Case Study: Personal Health - Virginia Tech
Published Fri Feb 24 06:09:42 EST 2017
Digital Product in Use:
Connect® Personal Health
Textbook in Use:
iHealth: An Interactive Framework by Sparling, 1e
Amy H. Smith, Ph.D.
Enrollment:700/year (instructor total)
1,500/year (university total)
Case Study Term:
Connect Personal Health allows me to have a completely online class with good support and materials. It also enables me to have a large number of students in this elective course.
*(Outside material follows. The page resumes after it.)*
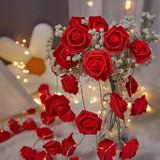 Red roses table decoration or centrepiece - battery powered string fairy lights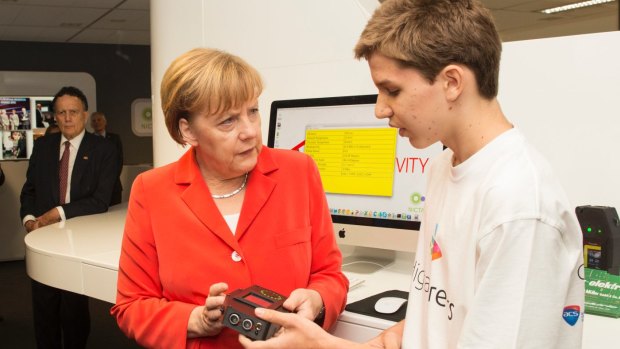 Michael Schultz shows his tricoder to German Chancellor Angela Merkel.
My students really like the online version of the textbook, and they find the self-assessments interesting and helpful.
-Professor Amy Smith
Digital Course Solution Improves Student Success and Increases Instructor Efficiency
Professor Amy Smith used Connect Personal Health to convert her face-to-face course to an online, asynchronous course in Spring 2010. She found it to be a perfect solution for teaching her large enrollment classes of up to 700 students, and her students have shown significant improvement as a result. In fact, Professor Smith has seen a 12% increase in exam scores and a 14% increase in pass rates since implementing Connect Personal Health.
Virginia Polytechnic and State University (Virginia Tech), located in Blacksburg, Virginia, enrolls 30,000 students a year. In addition to face-to-face classes, Virginia Tech offers more than 978 online courses through the Institute for Distance and Distributed Learning.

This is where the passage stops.